### What you need to do
Once the pictures are set aside, copy everything else in the records exactly.

### Exercise material

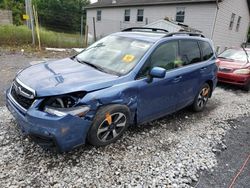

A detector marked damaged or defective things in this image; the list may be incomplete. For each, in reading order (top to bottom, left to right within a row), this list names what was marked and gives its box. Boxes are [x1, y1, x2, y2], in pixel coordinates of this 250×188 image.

broken front bumper [5, 90, 92, 153]
broken headlight [42, 92, 90, 117]
crumpled hood [17, 57, 118, 96]
damaged suv [5, 27, 217, 151]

### Exercise output
A detector marked damaged or defective things in this image; the list may be incomplete. For each, in reading order (top to bottom, left to right within a row), this list names what was marked and gives its box. Boxes are [x1, y1, x2, y2], in pixel coordinates of this 250×188 image.

broken front bumper [5, 90, 92, 153]
broken headlight [42, 92, 90, 117]
crumpled hood [17, 57, 118, 96]
damaged suv [5, 27, 217, 151]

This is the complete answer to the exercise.